Andy Geldman over at Web Retailer has put together a league table of eBay’s 1000 “top sellers” around the world. And it makes for interesting reading.
He explains something of the methodology in the post itself: “What makes these sellers the “top” sellers? Well, they have gained the most positive feedback in the last 6 months, and they are all Premium Store owners (or the international equivalent such as Featured Shops in the UK). Feedback volume is a useful approximation to selling volume.
Focusing on the last six months helps show who the biggest sellers are right now – it excludes those who are no longer trading. I don’t want this to be an illustration of how many eBay sellers have given up or gone out of business – it’s an unfortunate fact of life that businesses fail, and online retail is one of the toughest industries.”
Now, of course feedback is only an approximate indicator of sales. And is in no way proof of profitability, margins and overall success. But it does shine a useful light. It’s an interesting piece that I think is well worth reading.
What stands out? To me, two key things. We have some pretty big sellers in the UK (including the top spot in this study). Also, several really big sellers to the UK are situated in China and that may go some way to explain why eBay seems sometimes lenient on this type of seller when they don’t follow the rules.

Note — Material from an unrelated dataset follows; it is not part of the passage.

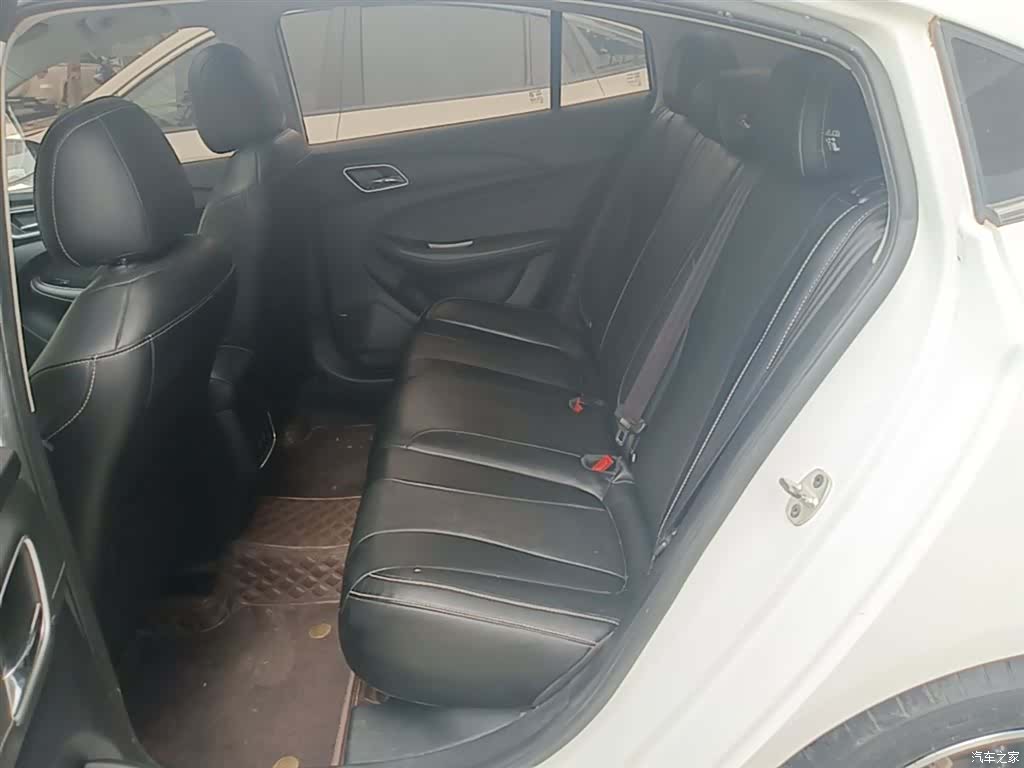 Roewe i5, 2021 17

It’s well worth drilling down into his results and data. What jumps out for you?
14 Responses
It’s not a surprise to see music magpie aka estocks top of the list.
Is that right? I didn’t know that.
So don’t send em to Music Magpie, sell em on eBay, is sage advice?
I might follow that one up. 😉
Thanks Elvis. Uh huh.
My recollection is that the Guardian did a survey of prices from “sell to us” websites like Magpie and the prices on eBay and found that prices were something like 10 times higher on eBay.
A quick hunt and here is Mark King’s analysis:-
https://www.theguardian.com/money/2011/jan/16/consumers-warning-recycling-websites
What strikes me is that it’s not until number 73 on the list that you see a 100% for feedback! Perhaps I need to worry less if I don’t keep my 100%?!
Which one’s “northumbrian”?
I believe that estocks, Zoverstocks (on Play & Amazon) and Music Magpie are all the same company.
Nice to know that at one point I had one of the top 10 sellers as a client. Too bad I lost them in part because eBay wouldn’t provide me the proper support needed to handle them.
Interesting article. Glad to find our account in the top 400!
and the top of the list estocks – turned over 2.15 million in the last 3 months of sales – with an average price of just 4.33! and a click through of just 24% – way lower than i’d be happy with, but then i dont list millions of items!
pile em high!
I dont think they have done their research well, check babz media on eBay, they have done nearly 70% more sales than estock, check here: https://feedback.ebay.co.uk/ws/eBayISAPI.dll?ViewFeedback2&userid=babz&myworld=true&items=25&iid=-1&de=off&which=positive&interval=365
it seems your right, babz has over 4.8million sale in 90 days, with a sell through of 99% of everything they listed being sold.
more successful than estock by miles!
And babz has under 5000 listings.
@Fio @Dan, you are right babz should have been at the top. I updated the article to correct that. eBay’s featured shops directory was used to compile the data, and it turns out it can be a little erratic.